The right legal way is to go to the DMV tell them, that you want to get a title for a boat that you bought.. They will give you the last known address of the title.. You have to send a certified letter to that address asking for the title, if it comes back unopened then you take that to DMV and get started... If it comes back opened well then hopefully there is a title in it.. Or they could say thanks for contacting me I would like my boat back..


----------



## Evensplit

I would be extremely cautious about buying a boat on ebay, from out of state, without a title.


----------



## just add water

I live in Tenn. and we do not get titles for our boats. If we sell it to someone out of state and they need a title the bill of sale is used to generate one.


----------



## devildog83

> *just add water (2/5/2010)*I live in Tenn. and we do not get titles for our boats. If we sell it to someone out of state and they need a title the bill of sale is used to generate one.

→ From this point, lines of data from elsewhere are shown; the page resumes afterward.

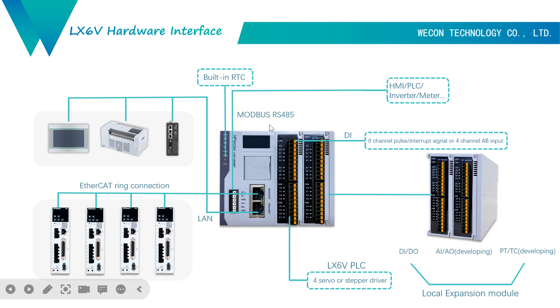But for now, our 6V does not support pulse control. We have the hardware capability, but the software does not support pulse control yet. We will support it in the future. For local expansion modules, we currently only have DI and DO modules. This year, we will add analog input, analog output, temperature modules, and communication modules.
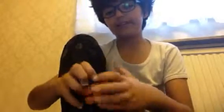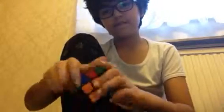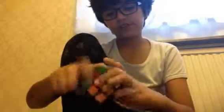So as you can see, let me do it with the red part. Let me quickly do it. If you're clear on doing that, the cube would be automatically solved.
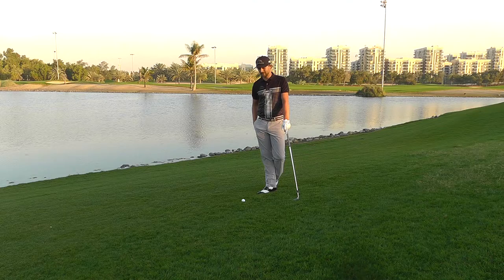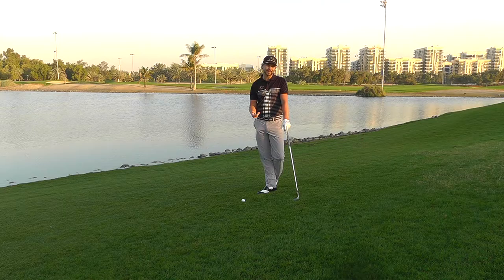Hello guys, Ricard Kahlberg here, Srixon Cleveland Golf Ambassador. I'm going to talk through the flop shot.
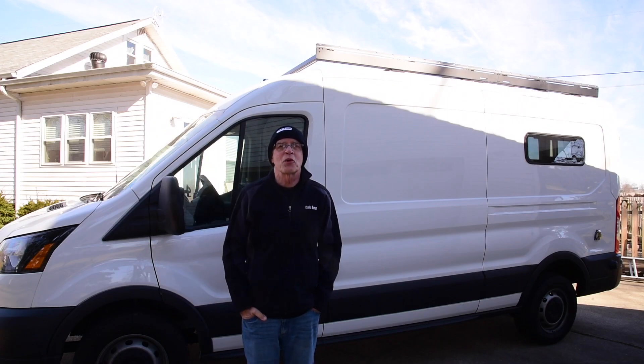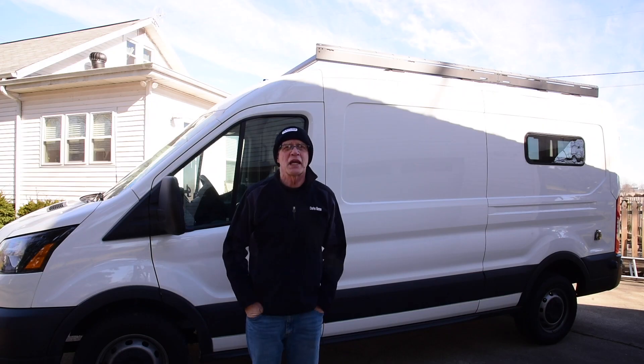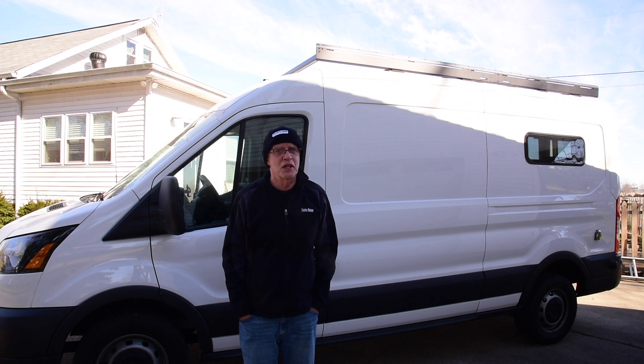Hi, Charles Momin here from Seymour, Indiana. Well, I just finished installing this Flatline Van Company roof rack and fairing on this 2018 Ford Transit 250 148 wheelbase medium roof. This is going to be very short.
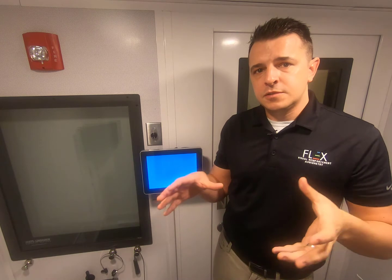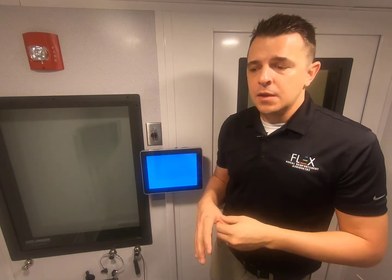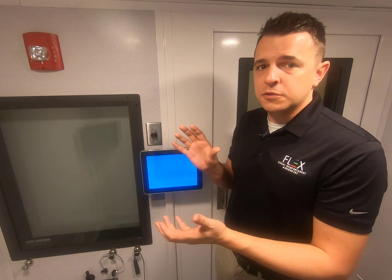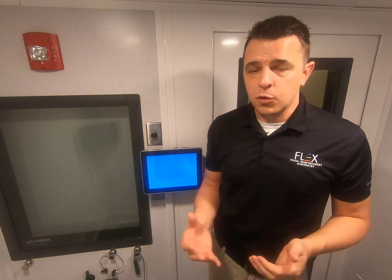we narrowed our stimulus options down to one stimulus, which would be a video of a puppet. We took our display down from a 15-inch on the full-featured Flex to a 10-inch on the Flex Basic, and in doing this, allowed us to offer the Flex Basic at a price point more than half the price of that full-featured Flex VRA.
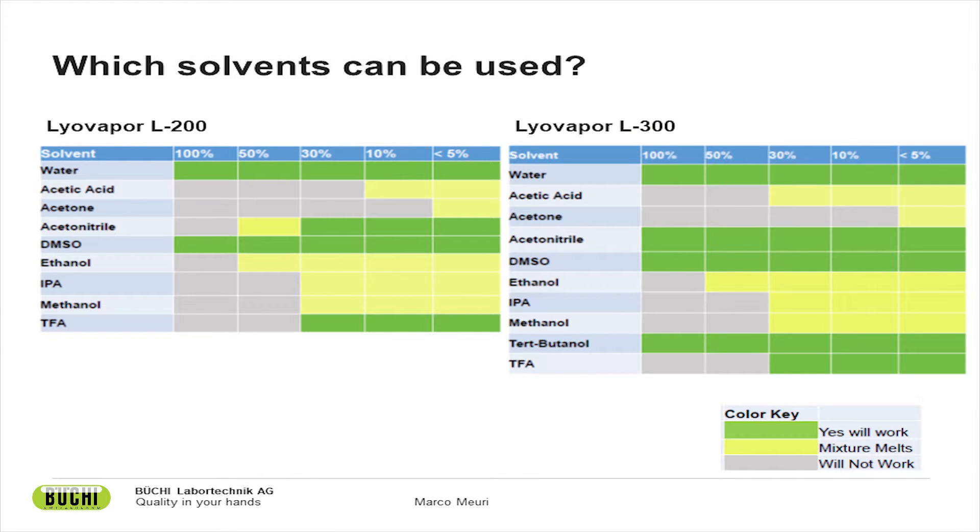Which solvents can be used for freeze-drying? We have listed the most important organic solvents in use and the concentrations at which they can be used in a freeze-dryer. The solvents include water, acetic acid, acetone, acetonitrile, DMSO, ethanol, IPA, methanol, TFA, and tert-butanol. The left-hand table is for our Lyovapor L200 — a -55°C instrument with 6 kg capacity — and the right-hand table is for our Lyovapor L300 — a -105°C condenser with unlimited capacity due to infinite technology.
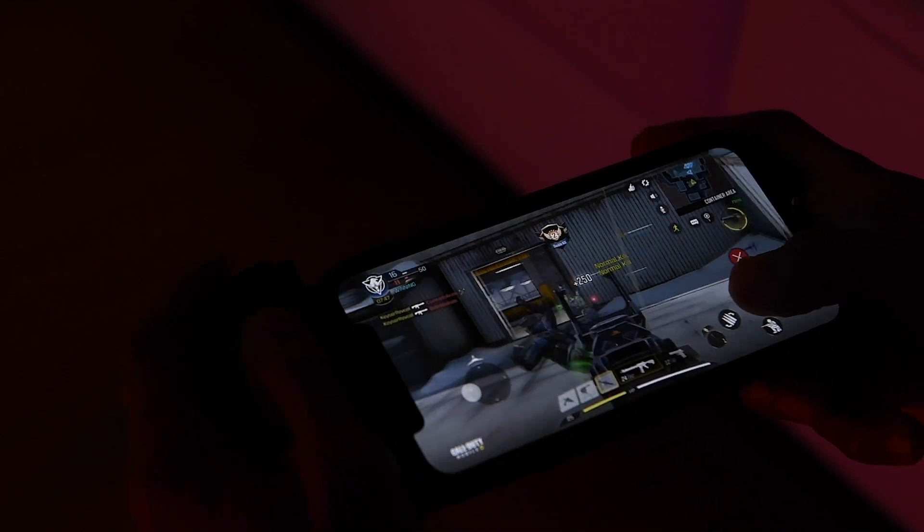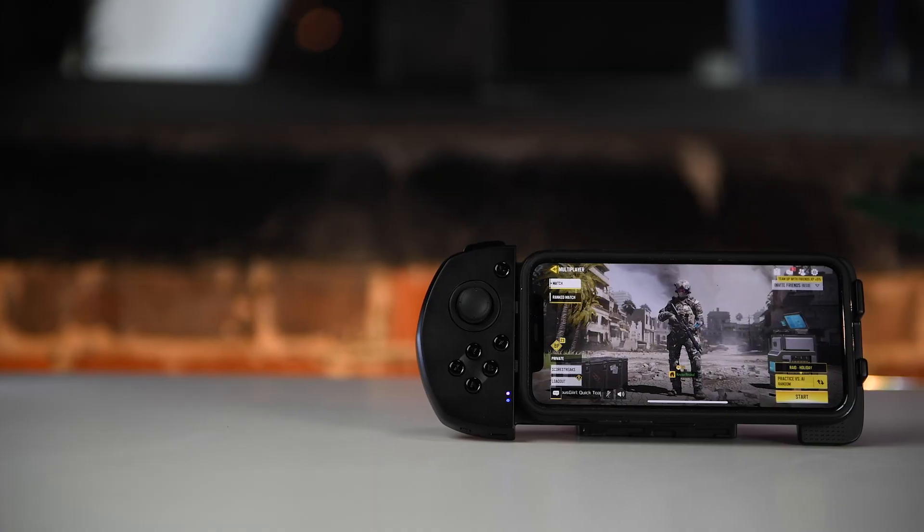The button issue only lasts about 3 seconds or so, but when you're in the middle of a gunfight or need that one kill to complete a streak, it definitely becomes frustrating. Thankfully the on-screen buttons still work when this happens, so you do have the option to use them when the controller freezes. It's still an issue, but hopefully it's something that can be fixed with a software update.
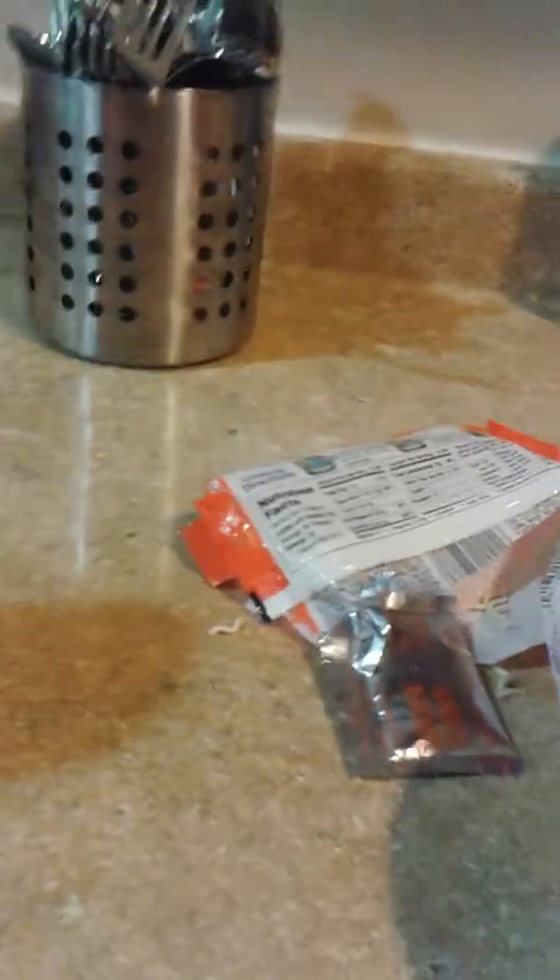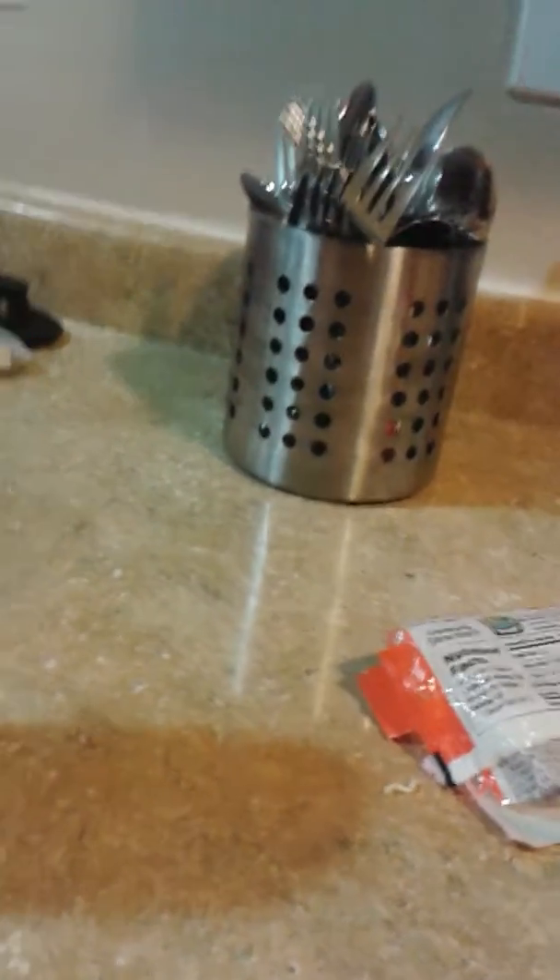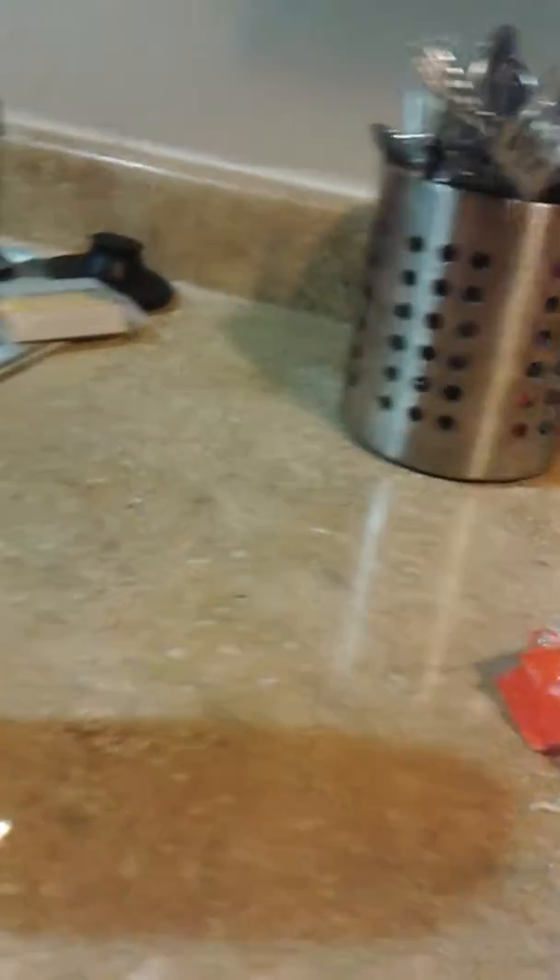You put it in for three minutes and then you just sit there, and by then it'll be all like this. So you just lift it up and there — okay, that was easy. Then you add the chicken flavoring.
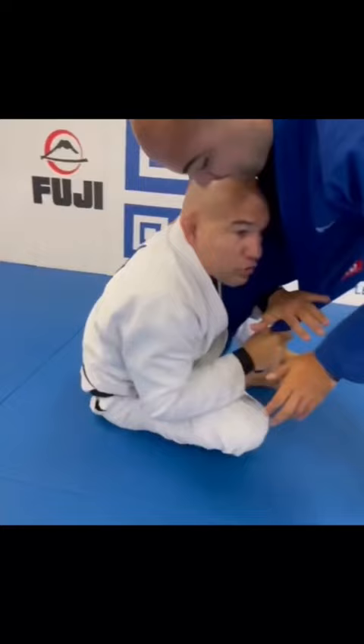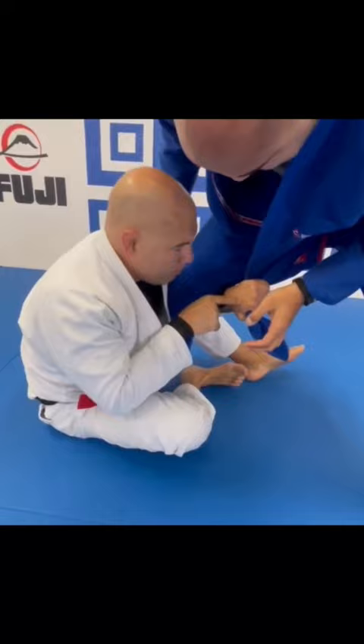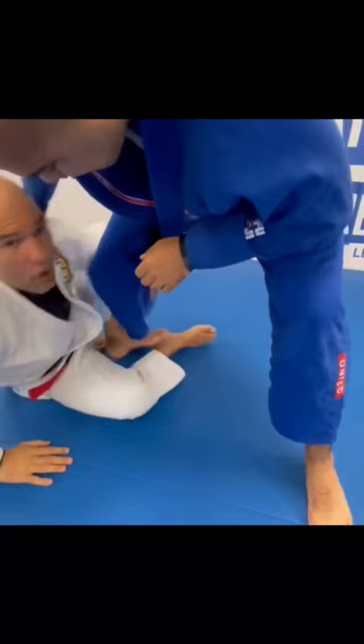I push, bringing your weight all the way backwards in order to sit up and get the lapel. Palm face down — there's no way for him to break. I'm going to scoop back and put the hook in.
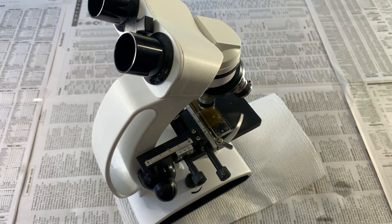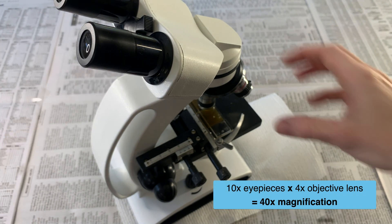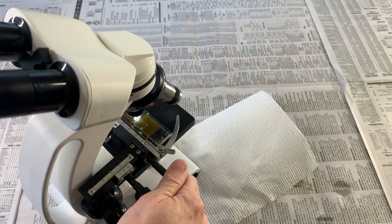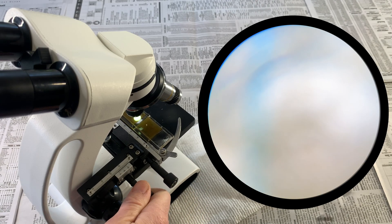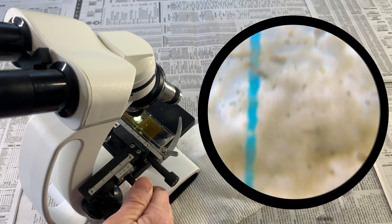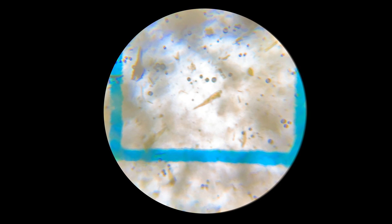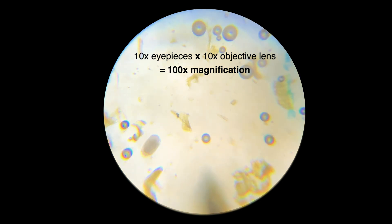To begin, set your microscope up with the 10x eyepieces and rotate to the 4x objective lens. Looking through your scope, move the stage around and locate the blue lines of the slide as a starting point. Use the focus dials on your microscope to bring these lines into focus. Note that everything you're seeing is inverted, so the direction you move the stage is the opposite of what you're seeing. For a more detailed view, you can switch to the 10x objective lens and refocus on your sample.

X2 Georgia doesn't issue titles either.


----------



## finfever61

I would be careful about buying from ebay as well but I would start by finding out if California requires or issues titles.


----------



## user10068

I looked at the Cali DMV site and a couple of others, see no mention of title issuance for Cali boats, just rules for registration. There is not even a fee listed for titles. Guess their registration serves as a title. I would check with our local Tax Collector's Office to make sure.


----------



## X-Shark

> I may buy a boat from a guy in California that is on ebay.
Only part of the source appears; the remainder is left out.